También describe el carácter brutal de la sociedad burguesa, que se desarrolla en esta época. Por ello, los personajes que trata más favorablemente son los republicanos y los revolucionarios.
En aquella época, la clase obrera francesa estaba dispersa y sólo empezaba a tomar conciencia de sí misma. En consecuencia, no aparece en la obra de Balzac, salvo como parte de los pobres urbanos. Pero este hecho no quita nada al valor colosal de estas obras, no sólo como excelente literatura, sino como registro veraz del pasado.
La Comedia Humana de Balzac presenta un panorama magistral de la sociedad francesa de 1815 a 1848. Marx y Engels la tenían en gran estima. En palabras de Engels: «He aquí la historia de Francia de 1815 a 1848… ¡Y qué audacia! Qué dialéctica revolucionaria en su justicia poética!».
Hay algunas novelas escritas en nuestros días sobre las que podrían pronunciarse estas palabras. Estoy pensando en El hombre que amaba a los perros, del destacado novelista cubano Leonardo Padura, que ofrece un relato fascinante de los últimos años de Trotsky y su asesinato, o en la maravillosa serie de novelas del difunto Gore Vidal sobre la historia estadounidense después de la Revolución, especialmente su obra maestra, Lincoln.

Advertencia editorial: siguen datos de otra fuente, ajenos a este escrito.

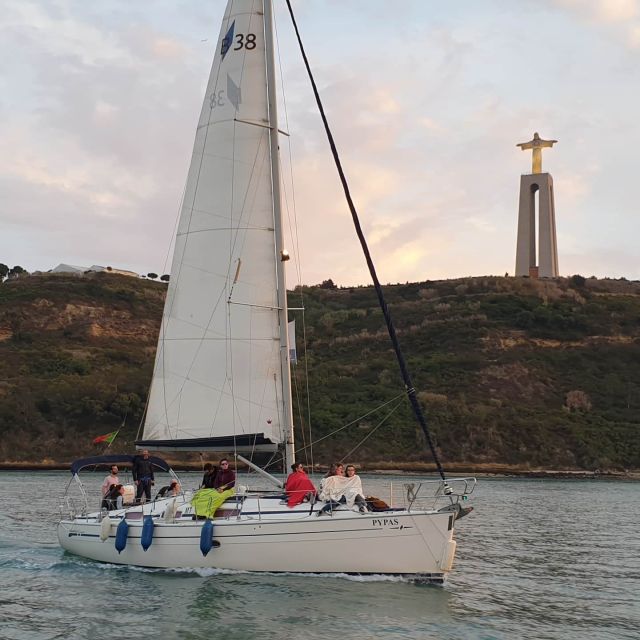 Private Lisbon Sightseeing Sailing Boat Tour with Locals - Meeting at Padrão dos Descobrimentos, then out onto the Tagus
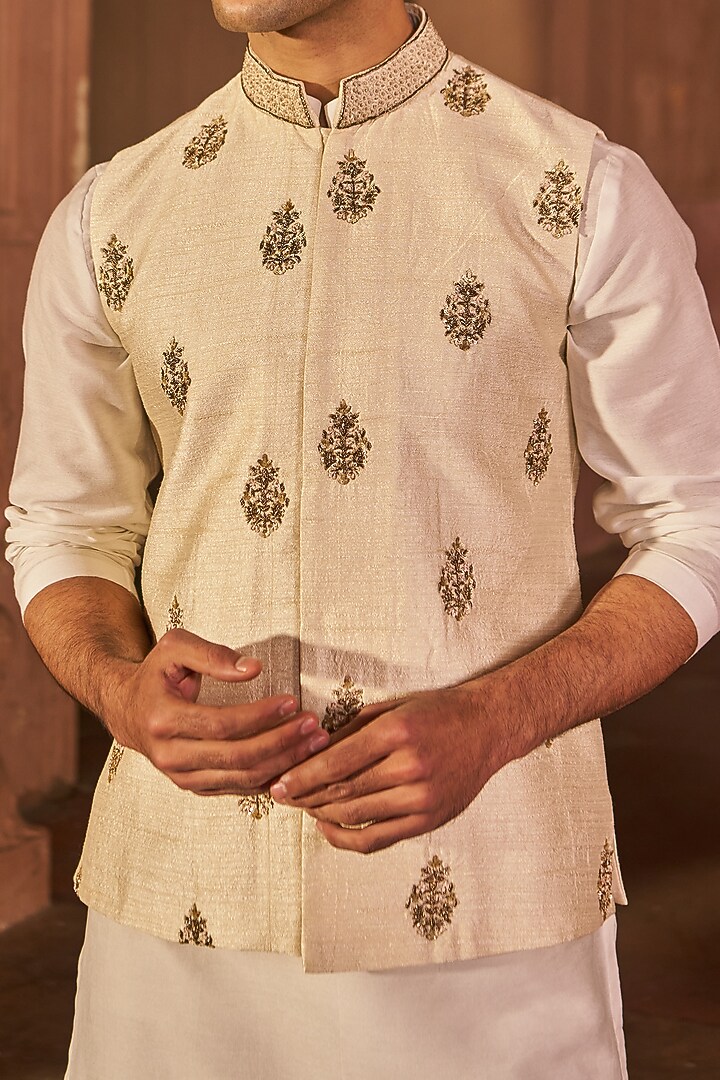 White Chanderi & Silk Hand Embroidered Bundi Jacket by Nidhika Shekhar Men at Pernia's Pop Up Shop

Hay, sin duda, otras honrosas excepciones a la regla. Pero en general, está claro que en la época de la decadencia senil del capitalismo, el burgués es incapaz de elevarse a las alturas de un Balzac o un Dickens, por no hablar de un Dante o un Shakespeare. Tendremos que esperar a que una nueva sociedad nos libere de la esclavitud, no sólo económica y social, sino también intelectual y espiritual.